Please produce a character-exact copy of the listing that follows, omitting all images.

(PROVIDED DATA Opens)

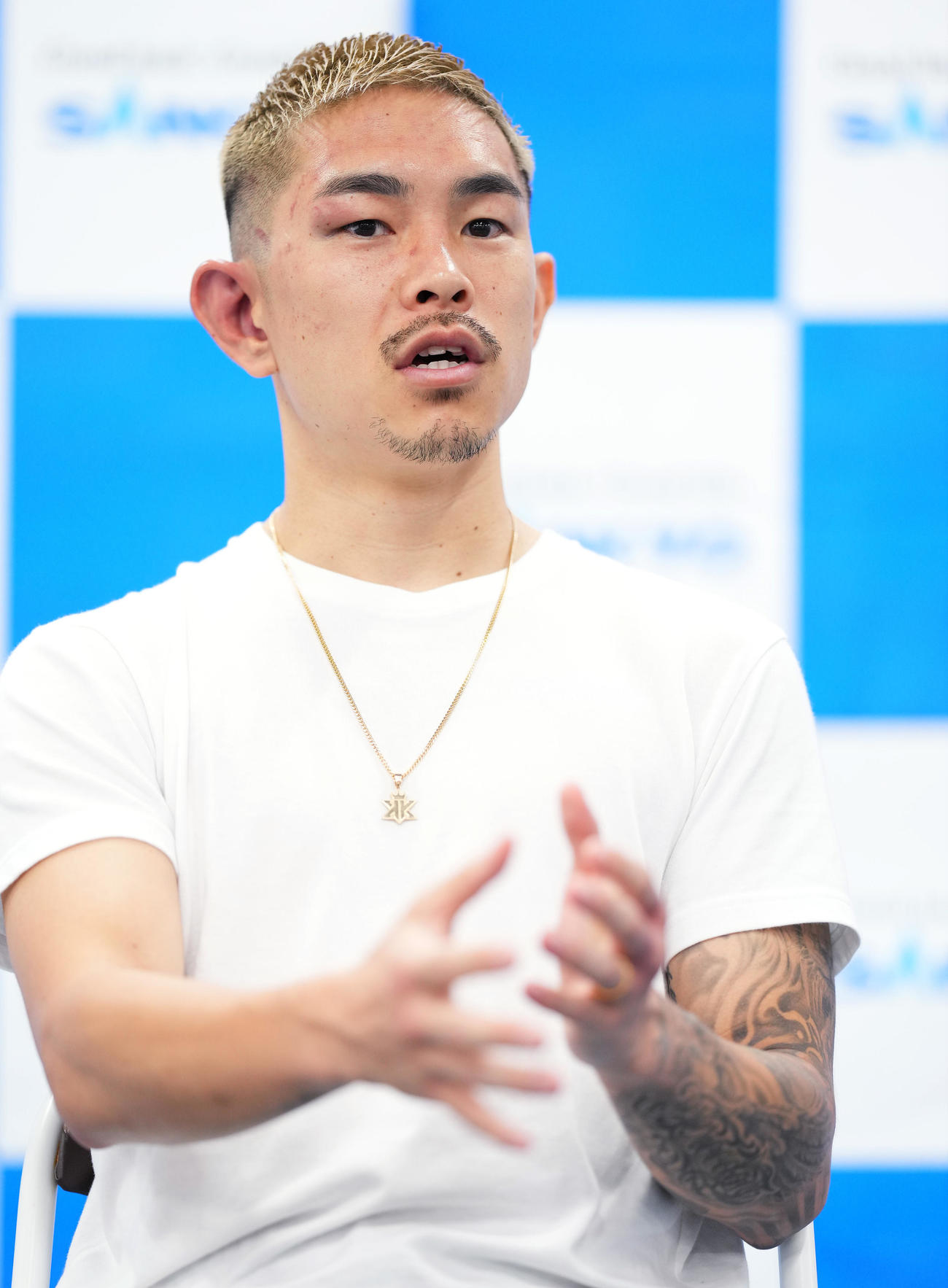 WBA世界スーパーフライ級タイトルマッチから一夜明け、会見で心境を話す井岡（撮影・菅敏）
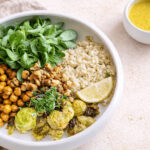 Rosenkohl-Quinoa-Bowl vegan – wärmend & ausgewogen Vegane Rosenkohl-Quinoa-Bowl mit Kichererbsen, Walnüssen und Ahorn-Senf-Dressing, warm angerichtet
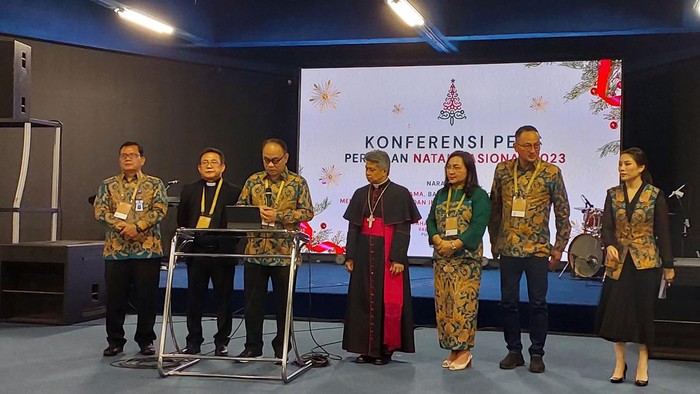 Menkominfo Budi Arie Setiadi di saat pertemuan pers, di Gereja Bethany Nginden Surabaya, (Eva-detikcom) Menkominfo Budi Arie Setiadi di saat pertemuan pers, di Gereja Bethany Nginden Surabaya, (Eva-detikcom)
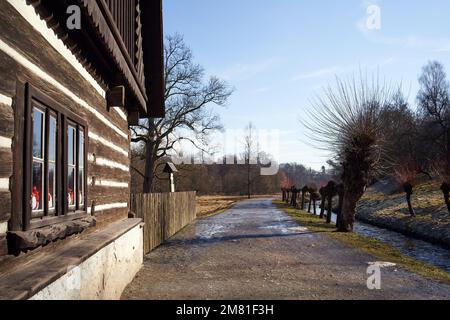 STARE BELIDLO, RÉPUBLIQUE TCHÈQUE - 13 FÉVRIER 2022 : chalet rural en rondins à Babiccino udoli ou dans la vallée de la grand-mère en Bohême Banque D'Images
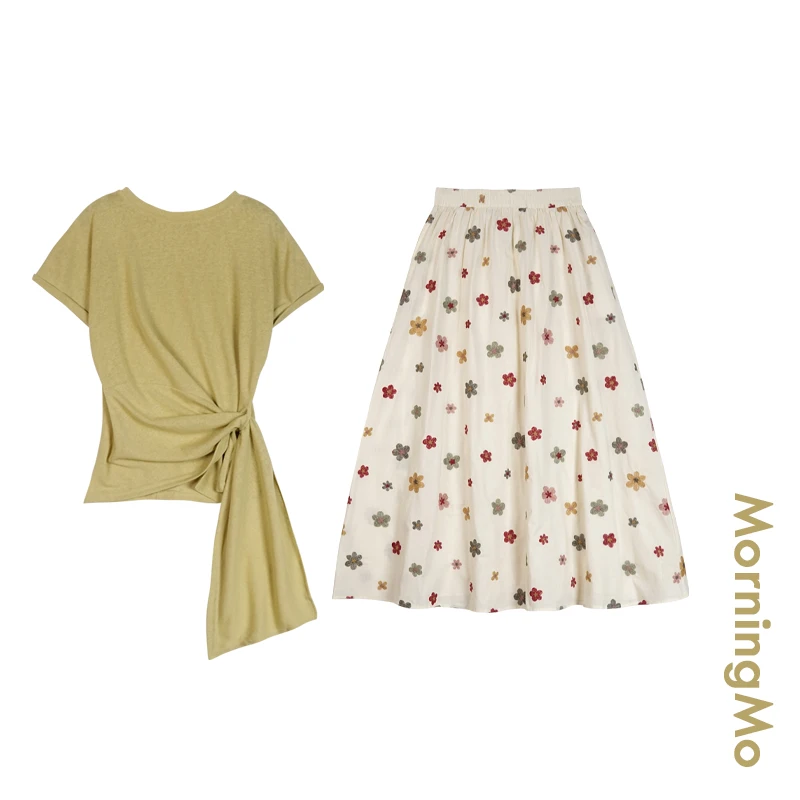 白粥沫 纯色不规则休闲绑带减龄T恤+绣花半裙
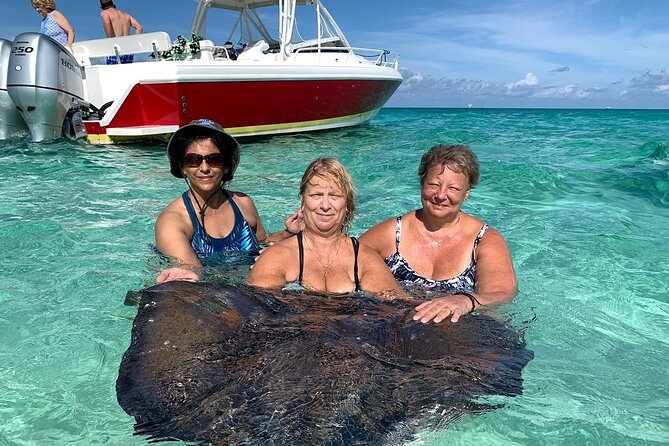 Private Half Day Stingray City, Snorkeling and Starfish Beach Tour - Leaving from Cayman Islands Yacht Club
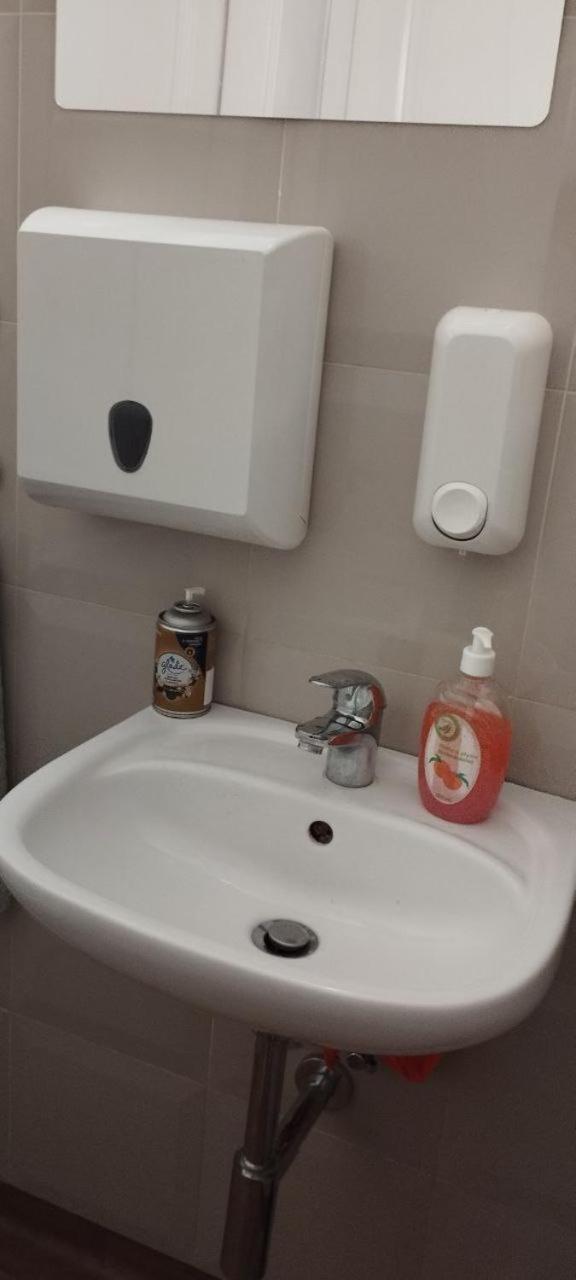 Hostel Alex&Tsa Kraków Zewnętrze zdjęcie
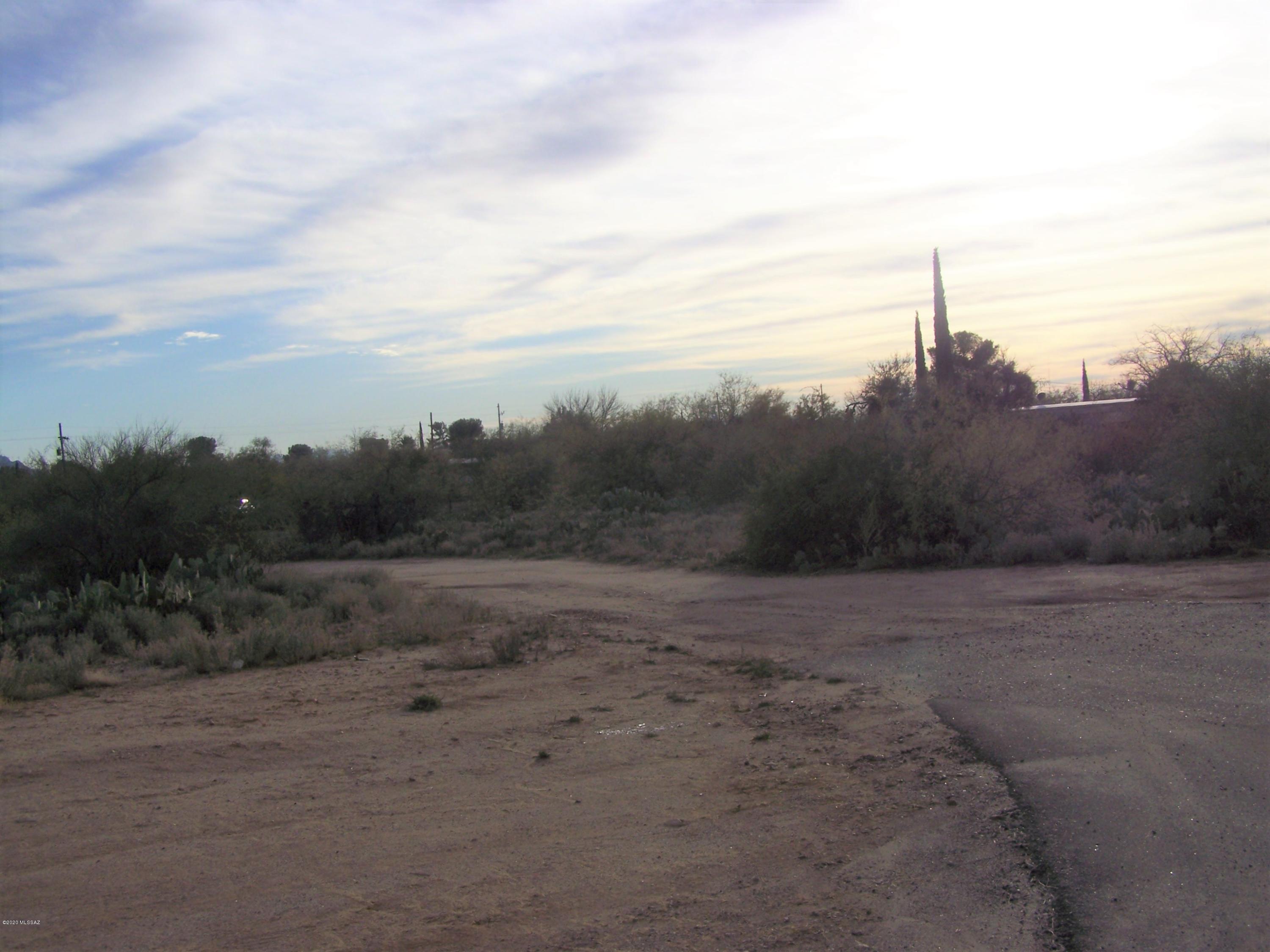 3440 East Edwin Road Tucson, AZ 85739 - Photo 13 of 41 Gallery Image 13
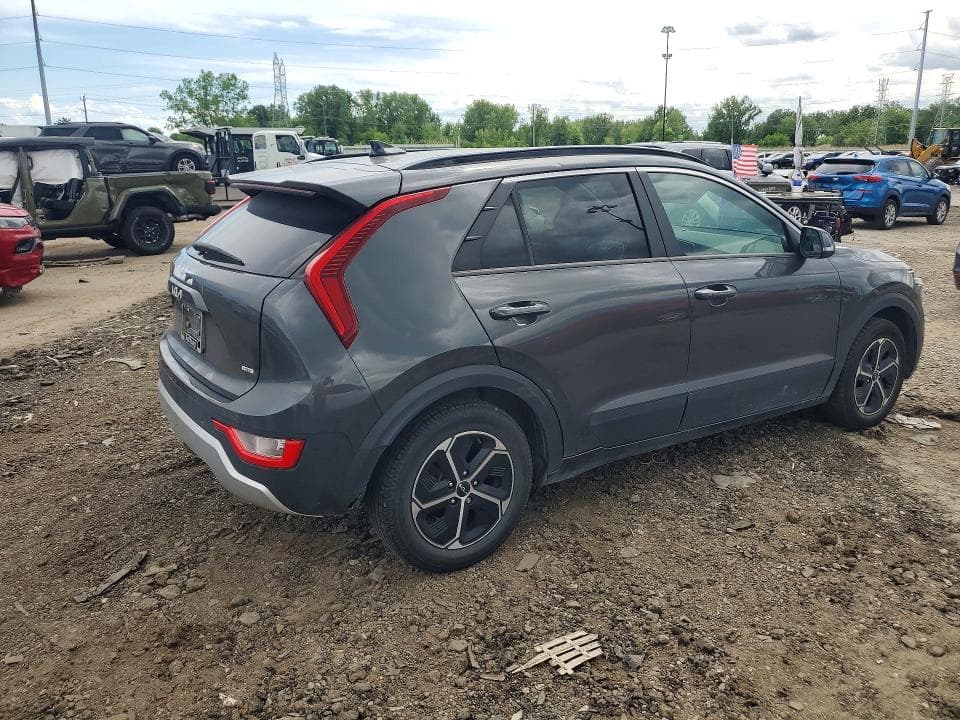 2023 KIA NIRO EX 3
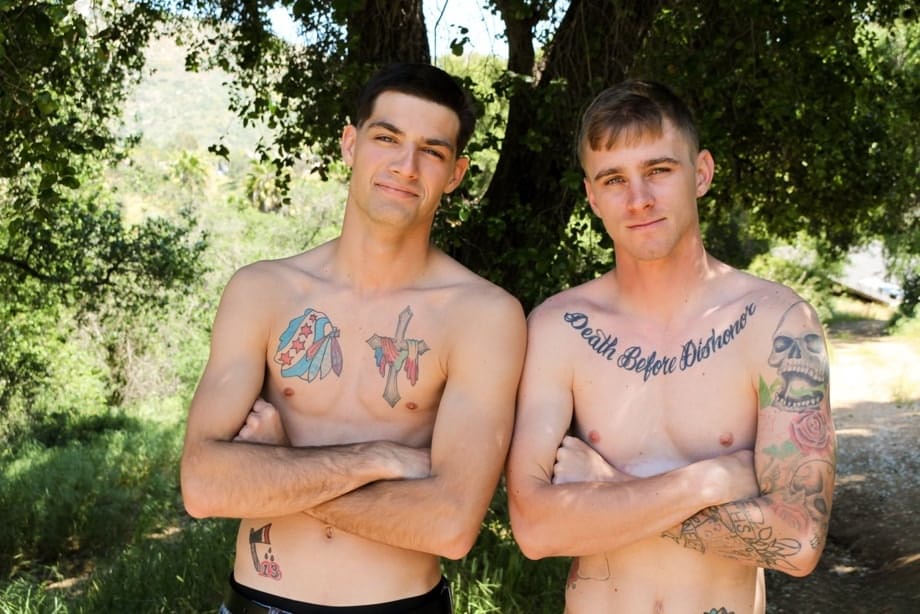 Ryan Jordan e LeeRoy Jones che si dilatano a vicenda con una profonda posizione a pecorina - 3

(PROVIDED DATA Closes)

SOLUTION TO THE PROBLEM.
 WBA世界スーパーフライ級タイトルマッチから一夜明け、会見で心境を話す井岡（撮影・菅敏）
 Rosenkohl-Quinoa-Bowl vegan – wärmend & ausgewogen Vegane Rosenkohl-Quinoa-Bowl mit Kichererbsen, Walnüssen und Ahorn-Senf-Dressing, warm angerichtet
 Menkominfo Budi Arie Setiadi di saat pertemuan pers, di Gereja Bethany Nginden Surabaya, (Eva-detikcom) Menkominfo Budi Arie Setiadi di saat pertemuan pers, di Gereja Bethany Nginden Surabaya, (Eva-detikcom)
 STARE BELIDLO, RÉPUBLIQUE TCHÈQUE - 13 FÉVRIER 2022 : chalet rural en rondins à Babiccino udoli ou dans la vallée de la grand-mère en Bohême Banque D'Images
 白粥沫 纯色不规则休闲绑带减龄T恤+绣花半裙
 Private Half Day Stingray City, Snorkeling and Starfish Beach Tour - Leaving from Cayman Islands Yacht Club
 Hostel Alex&Tsa Kraków Zewnętrze zdjęcie
 3440 East Edwin Road Tucson, AZ 85739 - Photo 13 of 41 Gallery Image 13
 2023 KIA NIRO EX 3
 Ryan Jordan e LeeRoy Jones che si dilatano a vicenda con una profonda posizione a pecorina - 3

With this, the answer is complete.